- Directed by: Sachin Kundalkar
- Written by: Sachin Kundalkar
- Produced by: Priya Sreedharan Wasim Khan Zulfaquar Torabi
- Starring: Prateik Babbar; Neelay Mehendale; Anjali Sivaraman; Neil Bhoopalam; Anant V Joshi; Poornima Indrajith;
- Cinematography: Vincenzo Condorelli
- Edited by: Mohit Takalkar
- Music by: Clinton Cerejo
- Production companies: Netflix Studios; Open Air Film;
- Distributed by: Netflix
- Release date: 2 April 2022;
- Running time: 113 minutes
- Country: India
- Language: Hindi

= Cobalt Blue (film) =

Indian drama film

Cobalt Blue is an Indian Hindi-language drama film written and directed by Sachin Kundalkar starring Prateik Babbar, Dr. Neelay Mehendale, and Anjali Sivaraman. It is adapted from the novel of the same name that follows the story of a brother and sister who fall in love with the same man and the ensuing events that shatter their traditional conservative family. The film was released on 2 April 2022 after some initial delays.

== Plot ==
When an aspiring author, Tanay (Neelay Mehendale), and his free-spirited sister, Anuja (Anjali Sivaraman), fall for the enigmatic paying guest (Prateik Babbar) at their home, the ensuing events rock their traditional Indian family.

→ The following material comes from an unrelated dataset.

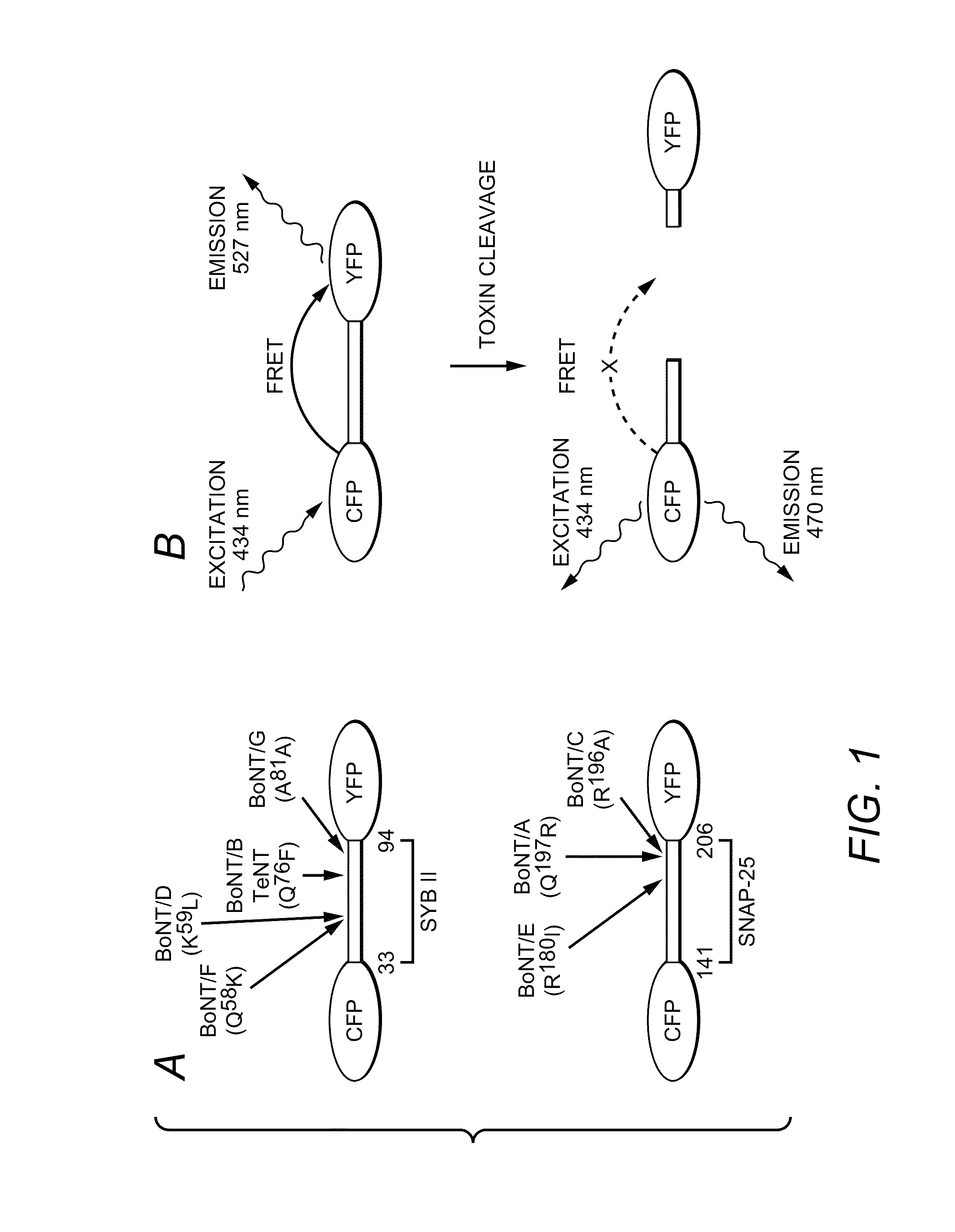 Resonance energy transfer assay with cleavage sequence and spacer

Set in the 1990s, the movie examines the themes of loneliness, same-sex love, and the free spirit of transcending societal barriers.

==Cast==
- Prateik Babbar as Paying Guest
- Dr. Neelay Mehendale as Tanay Vidhyadhar Dixit
- Anant V Joshi as Aseem Dixit
- Anjali Sivaraman as Anuja Dixit
- Poornima Indrajith as Sister Mary
- Neil Bhoopalam as Professor (Literature)
- Geetanjali Kulkarni as Sharda Dixit
- Shishir Sharma as Mr. Dixit

==Release==
In November 2018, it was announced that the novel Cobalt Blue would be adapted into a feature film for Netflix. It was written and directed by Kundalkar. It was originally scheduled for streaming on 3 December 2021 but got postponed and was released on 2 April 2022.

==Reception==
===Critic Response===
Nandini Ramnath from Scroll.in gave a positive review of the film's writing, "Neelay Mehendale's delicate characterisation of Tanay and Prateik Babbar's overt hunkiness create the film's most memorable moments, which have the vividness of primary colours and the erotic flush of first love." Deccan Herald gave the film 3/5 stars and wrote, "The movie has heartwarming Hindi poetry catering to various shades of emotions. The entire movie is a slow, lyrical and heartbreaking journey blended with literature, poetry, music and art. Primary hues have been effectively used to bring out emotions."